Writing on Twitter, she said: ‘I am highly sceptical it could be more mild. I think the best case is it’s equivalent in severity to Delta… but you’ll see milder symptoms now, than Delta when it emerged, because many more people have immunity now.’
A pre-print published yesterday suggested Omicron was around three times more likely to re-infect people who had had Covid before.
South African researchers said there had been 35,670 reinfections since the beginning of the pandemic, and the risk of reinfection was 0.7 per cent during the country’s Beta-fuelled second wave last winter and Delta wave in the summer.
But the risk of catching the virus again has recently spiralled to at least 2.4.
Scientists from Stellenbosch University, near Cape Town, said the findings suggested Omicron was better able to evade immunity in people who had already been infected than other variants which were suppressed by immunity.

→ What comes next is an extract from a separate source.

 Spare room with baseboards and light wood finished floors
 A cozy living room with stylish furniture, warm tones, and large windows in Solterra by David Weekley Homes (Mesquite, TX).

A pre-print paper means it has not yet been reviewed by other scientists, who double-check its findings.
Microbiologist at Reading University Dr Simon Clarke said the data was the ‘first indication’ that Omicron could get around immunity from previous Covid infection.
He said: ‘There are a few caveats in this work, such as not having definitively confirmed that it was indeed Omicron that was causing the reinfection, but they were able to determine that the increased transmission of Beta or Delta variants was not a result of immune evasion.
‘There is no indication as to how this immune evasion happens, although it can be presumed to be because of decreased antibody binding to Omicron’s mutated spike protein.’
He added: ‘Omicron has blown a big hole in the controversial argument that we should simply allow the infection to spread in an attempt to create immunity.
‘Herd immunity which now seems like nothing more than a pipe dream. We await a further indication as to whether Omicron has any ability to evade vaccine induced immunity.’
Infectious diseases expert at the University of East Anglia Professor Paul Hunter said: ‘The implications of this paper are that Omicron will be able to overcome natural and probably vaccine induced immunity to a significant degree.
‘But, the degree is still unclear though it is doubtful that this will represent complete escape.’
He added: ‘It remains the case that the extra value of the booster vaccination dose remains the most important step that we can take to reduce the probability of severe disease.
‘I suspect new targeted vaccinations will be developed against omicron but it the infection spreads globally as rapidly as it seems to be taking off in South Africa then most of us may already have had the infection by the time a new vaccine is available.’
The variant has been spotted in more than 30 countries worldwide and is likely to have been spreading for weeks before South Africa raised the alarm. The Netherlands detected a case one week earlier, while Nigeria found its first case in a sample taken in October.